14 October, 2014

The Mythical ‘Pay Equity’ Crisis


The Mythical ‘Pay Equity’ Crisis

Democrats won’t tell you, but equal pay for women is already the law.


By GERALD SKONING
Oct. 13, 2014 7:13 p.m. ET

As the 2014 midterm campaigns come down the home stretch, Democrats are pounding on the issue of “equal pay for women.” In his speech at Northwestern University on Oct. 2, for example, Mr. Obama said that we must “make sure a woman is paid equal to a man.” Democrats are “for equal pay for equal work,” Hillary Clinton said at a recent rally in Iowa, “and our opponents are not.” North Carolina Sen. Kay Hagan’s campaign has blasted Thom Tillis, her GOP opponent, for opposing “federal equal pay legislation.”

As a campaign issue, demands for pay equity are beside the point. Equal pay for women has been the law of the land for more than a half-century.

Democrats say we need another new federal statute to protect women because the existing panoply of federal and state laws prohibiting pay discrimination on the basis of gender are insufficient.
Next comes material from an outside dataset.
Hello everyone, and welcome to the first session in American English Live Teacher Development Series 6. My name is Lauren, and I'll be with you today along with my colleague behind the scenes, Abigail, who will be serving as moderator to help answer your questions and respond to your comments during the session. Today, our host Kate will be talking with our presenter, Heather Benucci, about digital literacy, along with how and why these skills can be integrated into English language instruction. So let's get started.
Specifically, they have continued to press for passage of the Paycheck Fairness Act, which according to its congressional sponsors would “provide more effective remedies to victims of discrimination in the payment of wages on the basis of sex.” In reality, this bill would expand litigation opportunities for class-action lawyers seeking millions of dollars from companies without ever having to prove that the companies intentionally discriminated against women.

The Paycheck Fairness Act instead is meant to address the fact that “on average, full-time working women earn just 77 cents for every dollar a man earns,” as the Obama White House explains on its website. This is not a claim that any woman earns less than any man for the same work. Pay “disparities” between men and women generally reflect other factors such as interrupting a career to raise children, the types of jobs men and women on average choose, the type of education they have (sociology vs. engineering), etc.
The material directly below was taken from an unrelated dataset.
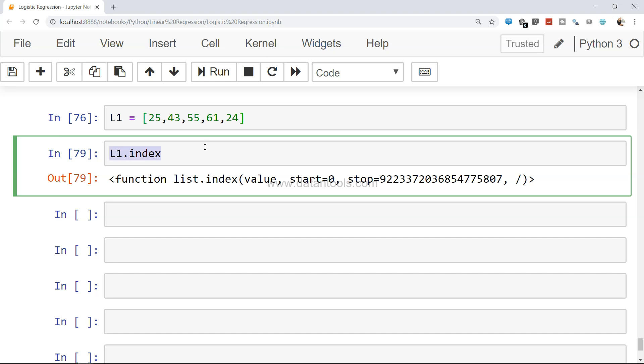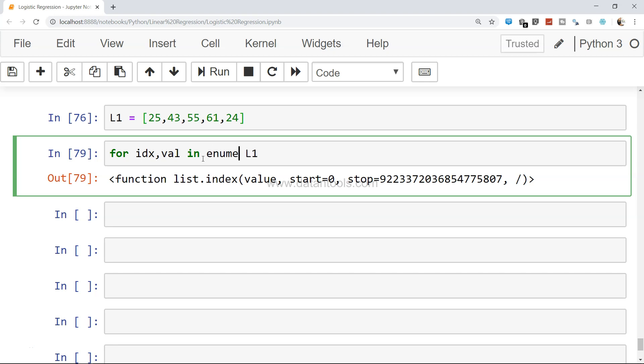So what you can do is if you want to get a print of both index and value, you can come into the for loop. For idx (for index), val in L1, and this L1 you need to bind it in the enumerate. Enumerate basically helps you to get both index and value.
Since 1963 it has been unlawful under the federal Equal Pay Act for an employer to pay a female employee less than a male employee for equal work. Sex discrimination in wages is also prohibited by Title VII of the Civil Rights Act of 1964. For employees of federal contractors and subcontractors, Executive Order 11,246 prohibits gender-based pay discrimination.
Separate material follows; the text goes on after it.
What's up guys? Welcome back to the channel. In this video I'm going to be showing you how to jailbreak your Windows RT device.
Finally, 46 states have antidiscrimination statutes mandating equal pay for equal work. While the enforcement schemes of these laws vary from state to state, the remedies those statutes provide are comparable to those available under federal laws.

Today, the Equal Pay Act and Title VII provide a woman who prevails on her wage discrimination claim a virtual smorgasbord of effective remedies. They include, but aren’t limited to, back pay, attorneys’ fees, injunctive relief, prejudgment interest, $300,000 in punitive and compensatory damages, an additional $10,000 in penalties, and a prison sentence of up to six months for an employer who willfully violates the law.

A government contractor or subcontractor—as some 270,000 American companies are—may face serious penalties for gender-based wage discrimination, including termination or suspension of any existing contract, and take remedial action including elimination of illegal pay practices, seniority relief, and monetary and equitable relief to identified class members.

Campaign rhetoric and simplistic election-year sound-bites can and do mislead voters into thinking that gender-based wage discrimination is a national crisis and that women have no recourse whatsoever in the face of invidious pay discrimination by their heartless employers. Nothing could be further from the truth. Several layers of tough federal and state laws protect women from pay discrimination.

Moreover, powerful federal and state agencies like the Equal Employment Opportunity Commission, the Labor Department and its Office of Federal Contract Compliance Programs, and 46 state agencies are charged with overall enforcement of the respective federal and state laws and their prohibitions of sex-based wage discrimination. In short, serious enforcement muscle is available to women who are discriminated against on payday.

So our lawmakers should ask themselves, do we really need another federal statute protecting women’s rights to equal pay? The laws already exist in spades. Those laws contain tough sanctions, generous remedies for violations, and establish powerful government enforcement agencies to pursue offenders.

Vigorous enforcement of the arsenal of tough federal and state laws prohibiting sex discrimination in wages will ensure continued progress toward the important national goal of true equal opportunity, as well as pay equity, for all. The Democrats’ populist campaign mantra about “pay equity” is empty rhetoric.

Mr. Skoning is a labor and employment lawyer in Chicago.